Charles stared at the carpet. “An asylum.”

“That colleague I mentioned—he shares my views on the treatment of such cases. We shall do our best. You would be prepared for a certain amount of expense?”

“Anything to be rid of her—without harm to her.”

“I know a private asylum in Exeter. My friend Spencer has patients there. It is conducted in an intelligent and enlightened manner. I should not recommend a public institution at this stage.”

“Heaven forbid. I have heard terrible accounts of them.”

“Rest assured. This place is a model of its kind.”

“We are not talking of committal?”

For there had arisen in Charles’s mind a little ghost of treachery: to discuss her so clinically, to think of her locked in some small room…

“Not at all. We are talking of a place where her spiritual wounds can heal, where she will be kindly treated, kept occupied—and will have the benefit of Spencer’s excellent experience and care. He has had similar cases. He knows what to do.”

Charles hesitated, then stood and held out his hand. In his present state he needed orders and prescriptions, and as soon as he had them, he felt better.

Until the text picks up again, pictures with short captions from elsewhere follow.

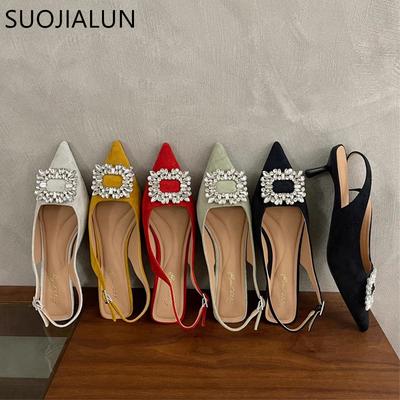 Мода SUOJIALUN 2024 Лето Новый Бренд Женские Сандалии Мода Узкий Ремешок Дамские Элегантные Гладиаторские Туфли Уличные Платье Шлепанцы Сандалии Обувь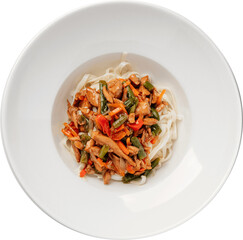 A mouthwatering plate of chicken stir-fry and noodles, ready to enjoy!
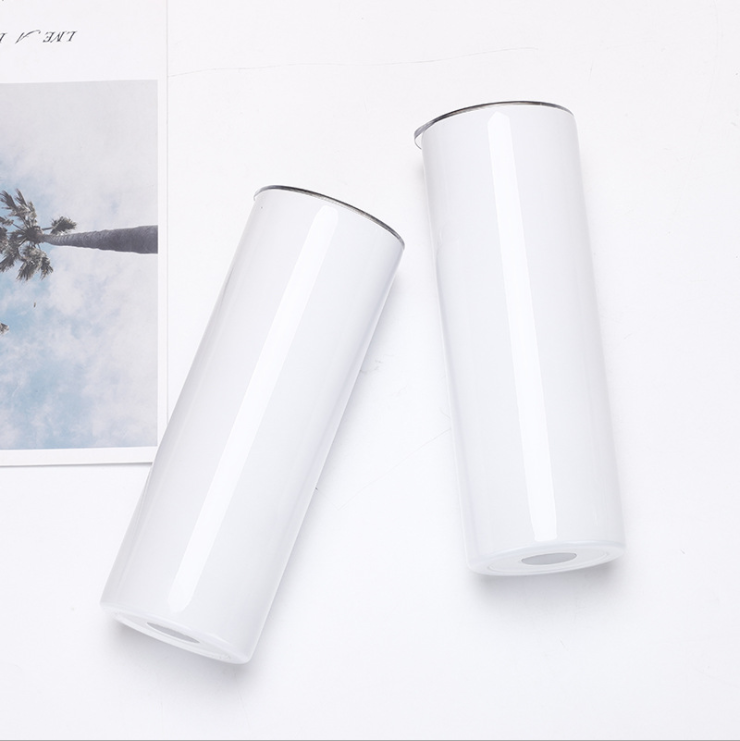 USA Warehouse 30OZ Sublimation Blanks Stainless Steel Skinny Water Bottles Sublimation Straight Tumblers with Straw
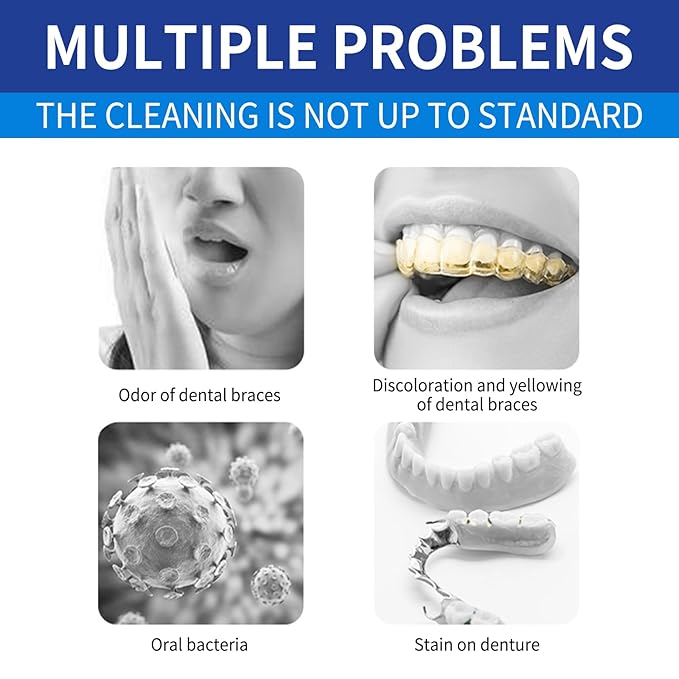 Dental Retainer Cleaner Tablets, 100 Count, 3 Minute Action, Whitening Formula for Dentures and Mouthguards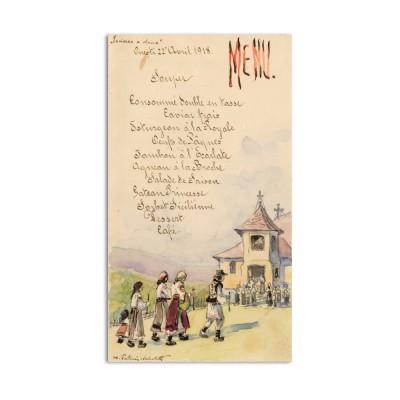 Meniul Sărbătorilor Pascale, Onești, 22 aprilie 1918, ilustrat de Alexandru Poitevin-Scheletti foto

“I feel you have saved my life.”

“Nonsense, my dear fellow.”

“No, it is not nonsense. I shall be in debt to you for the rest of my days.”

“Then let me inscribe the name of your bride on the bill of credit.”

“I shall honor the debt.”

“And give the charming creature time. The best wines take the longest to mature, do they not?”

“I fear that in my own case the same is true of a very inferior vintage.”

“Bah. Poppycock.” The doctor clapped him on the shoulder. “And by the bye, I think you read French?”

Charles gave a surprised assent. Grogan sought through his shelves, found a book, and then marked a passage in it with a pencil before passing it to his guest.

“You need not read the whole trial. But I should like you to read this medical evidence that was brought by the defense.”